Occasionally, when the car sits for extended periods (overnight or while I’m at work) and I try to start it, I get nothing. Not a click–nothing. This will never happen if I pop into a grocery store or other errands that are an hour or less.
I’ve tried jiggling the floor shifter to see if it was the neutral safety switch and no luck. I’ve also tried putting the car in neutral with no results. I can also move the steering wheel rapidly left-right and push hard down onto the brake pedal with no obvious results. Eventually after 10 tries or so the starter motor will engage and it just starts.
Any thoughts? Could it be the ignition (where I put the key in)?

On the surface this sounds like the symptoms of a bad starter. You will need to confirm by checking for power at the starter small wire while someone else holds the key in the crank position.

If you have power at the small wire during cranking then you most likely have a bad starter or bad power or ground to the starter.

If there is no power to the small wire during cranking then your problem likely upstream of the starter with ignition switch, transmission range sensor, starter relay or bad connections.
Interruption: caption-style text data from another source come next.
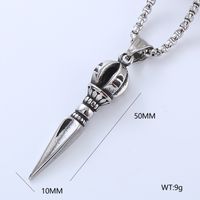 Cool Style Human Anchor Dragonfly 304 Stainless Steel No Inlaid Men'S Pendant Necklace Long Necklace sku image 3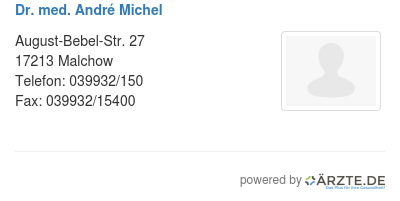 Dr med andre michel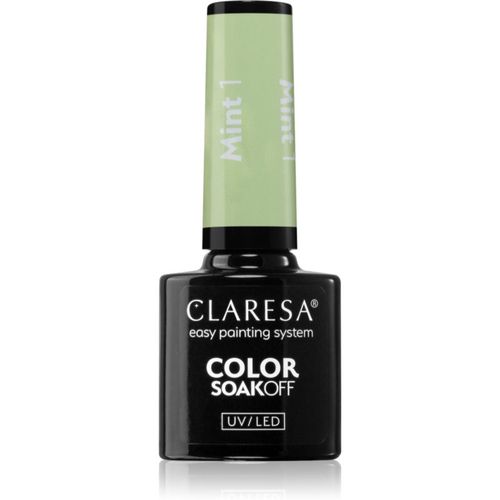 SoakOff UV/LED Color Mint Gel-Nagellack Farbton 1 5 g - Claresa - Modalova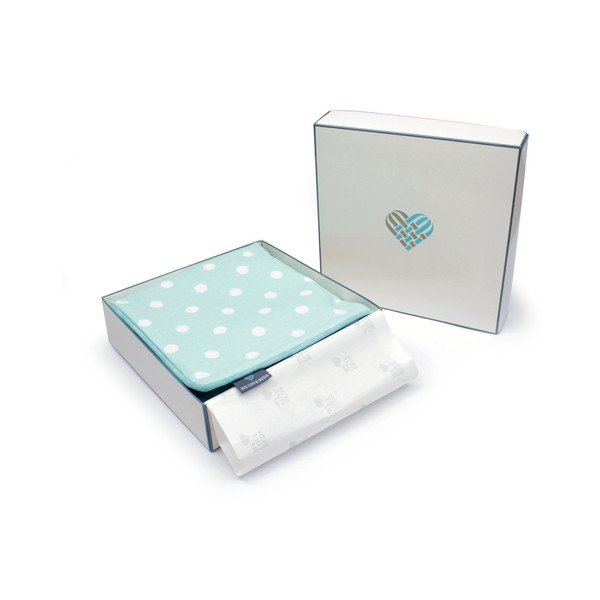 Mentolově zelený povlak na polštář WeLoveBeds Dots, 40 x 60 cm-image-2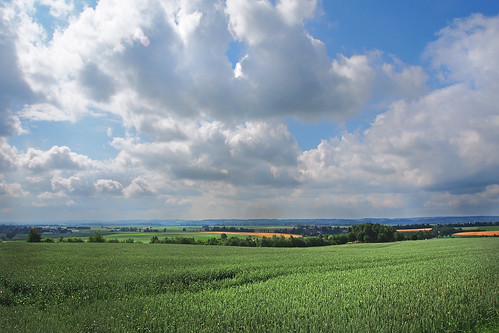 summer sky clouds germany bavaria fields niederbayern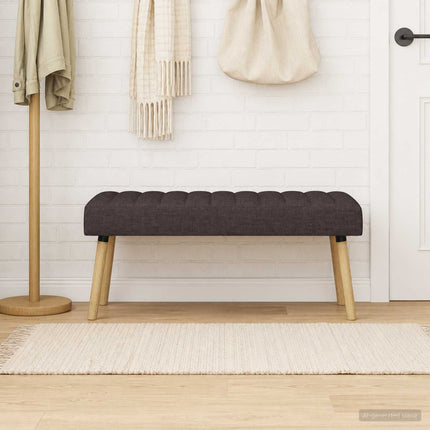 Kanalstoppad Bänk Mörkbrun 110 x 40 x 46 cm Tyg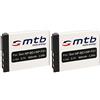 mtb more energy 2x Batteria NP-BD1 compatibile con Sony Cyber-shot DSC-G3, T2, T70, T75, T77, T90, T200...vedi lista!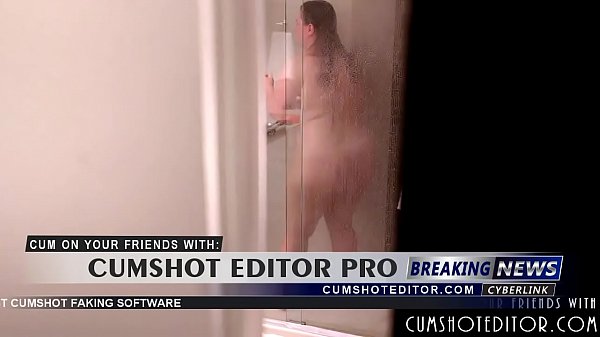 Spying On Chubby Coworker In Hotel's Shower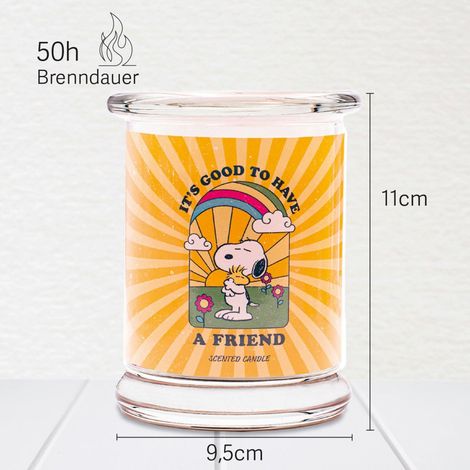 Duftkerze erdnusse - glas geschenkfertig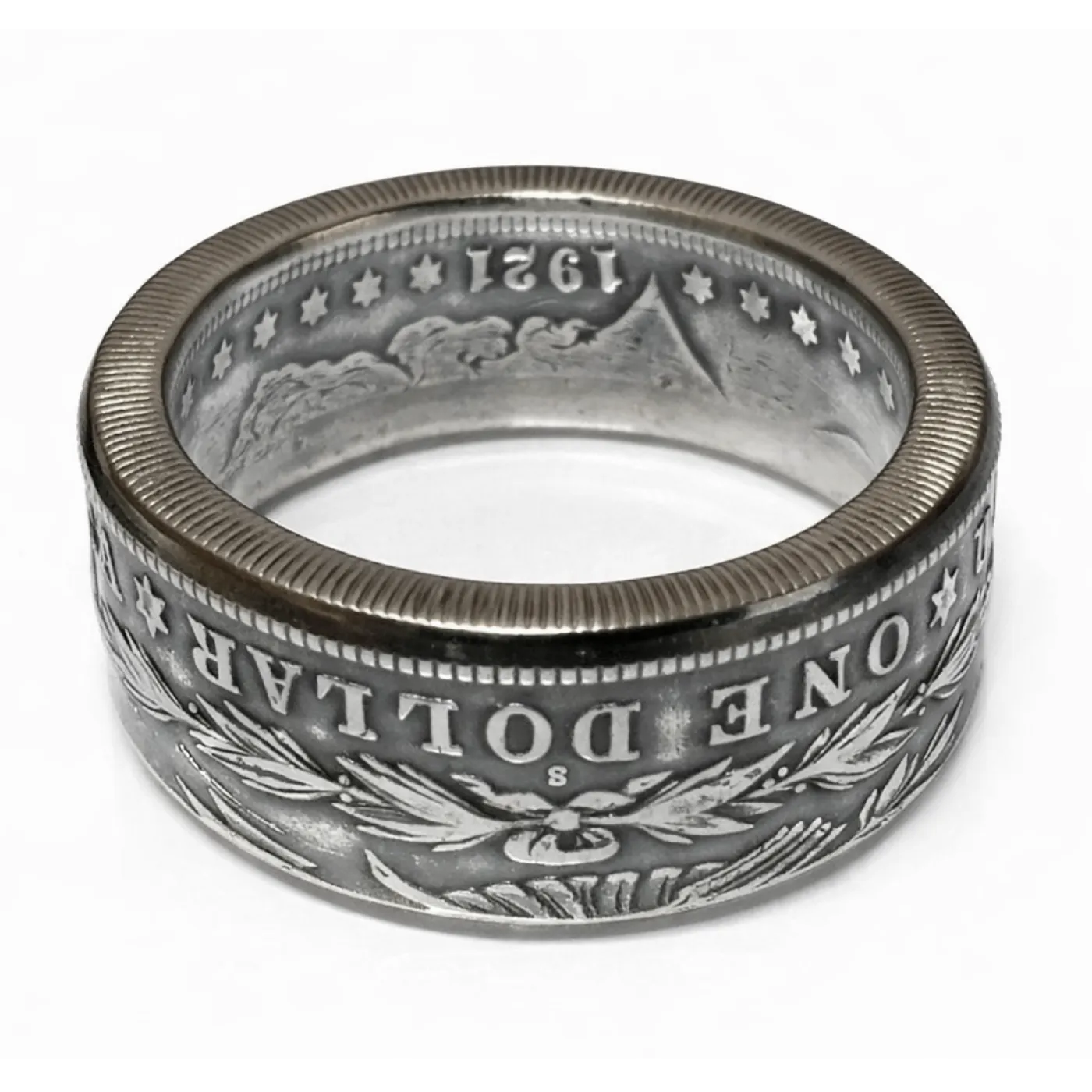Münzring USA 1 Dollar 1878 - 1921 Morgan Dollar Silber 900er Größe 60 bis 74 – Ansicht 2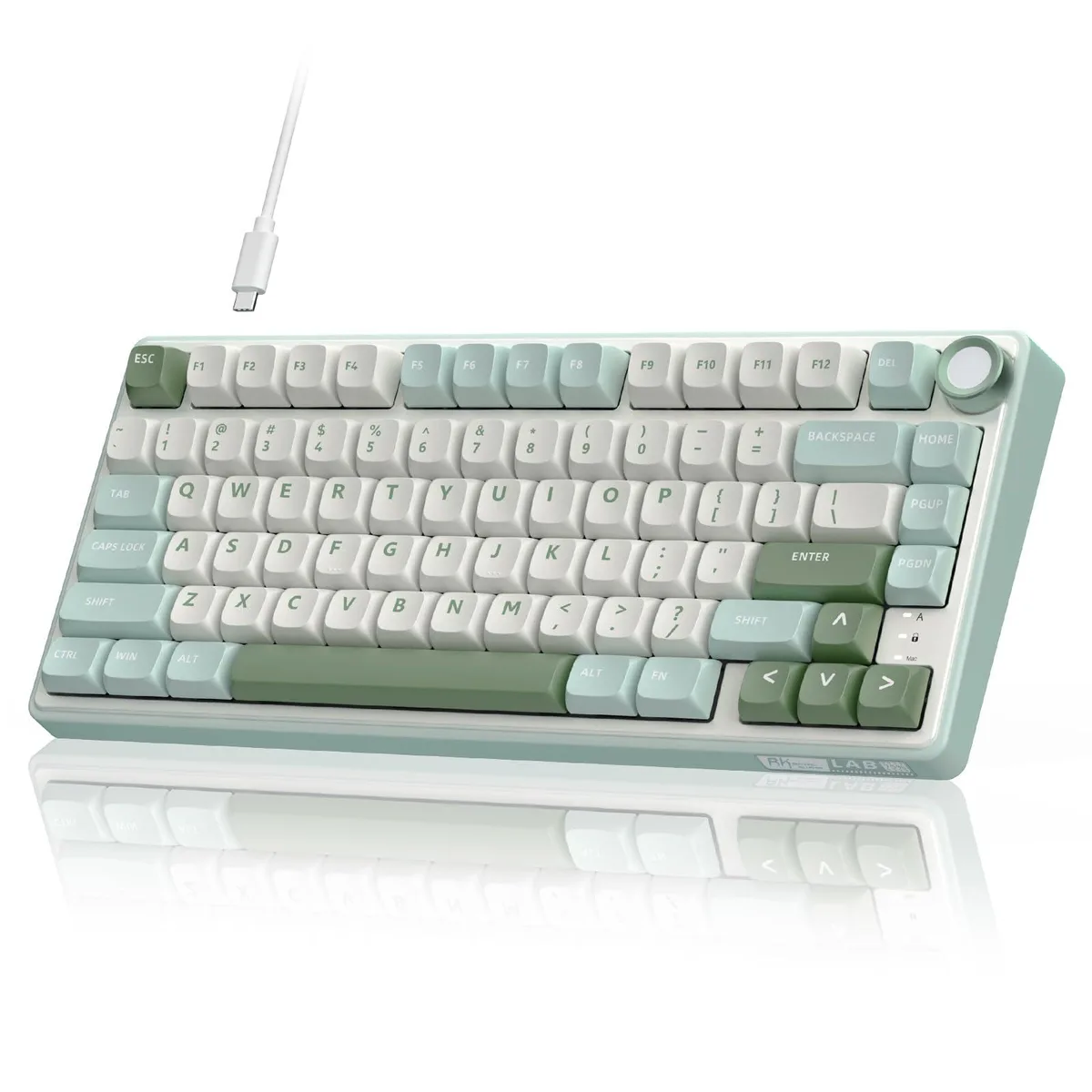  GE RK R75 75% Wired Gaming Keyboard Green Linear Switches — product photo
Of course I know you might not have a second person or a test lamp at the time the car decides to act up, but such is the world of diagnosing intermittent electrical problems.

I agree with @rattlegas‌

This car uses a Denso starter, which has exactly your symptoms when it’s on the way out

This is a common problem with Toyotas of that era. My '96 ES300 did the same thing, it was caused by worn contacts in the starter solenoid. If you’re handy you can buy just the contacts at the dealer, pull the starter, and replace them, or have a mechanic do it. Google ‘Toyota starter solenoid contacts’ for more info.

But first make sure your battery/cable connections are good and tight.

My own preference would be to verify the problem by checking for power on the S wire as described during a no start. But while you’re hanging around waiting for the next one to occur, I would at least pull the battery cables (both ends), clean up the terminals and such and make sure they are tightened down well. If it’s reliable enough that you don’t have to wait around, then by all means, check for voltage.

Hi everyone,
I have to leave town for work later this week and I’ll be driving to the project site (I’m a civil engineer) . I plan on then going directly to visit my family for Easter (maybe a total of 600 miles). Needless to say, I’d like to not be stranded. I called around to a bunch of places and to get the solenoid contacts (or a solenoid) would take 7-10 days (after I would get back) as no one had one in stock and they needed to be ordered out of Virginia. I ended buying a starter/solenoid for $130 and installed it (myself) this afternoon. I hope this does the trick. If it doesn’t, I’ll be sure to write back and look for more help.

Oh and I didn’t add it to my original post but my battery has cleaned terminals and they are well tightened down. It is a tank. I live in Minnesota and it started reliably all winter, even after leaving it outside the night that the air temperature (WITHOUT WINDCHILL) got to -26F at my house.

texases-- I looked around online per your suggestion and saw pictures of worn out solenoids/ solenoid contacts. When I pulled apart my old solenoid it looked exactly the pictures of defective ones I had seen online. Thanks

Good luck, I bet you solved the problem.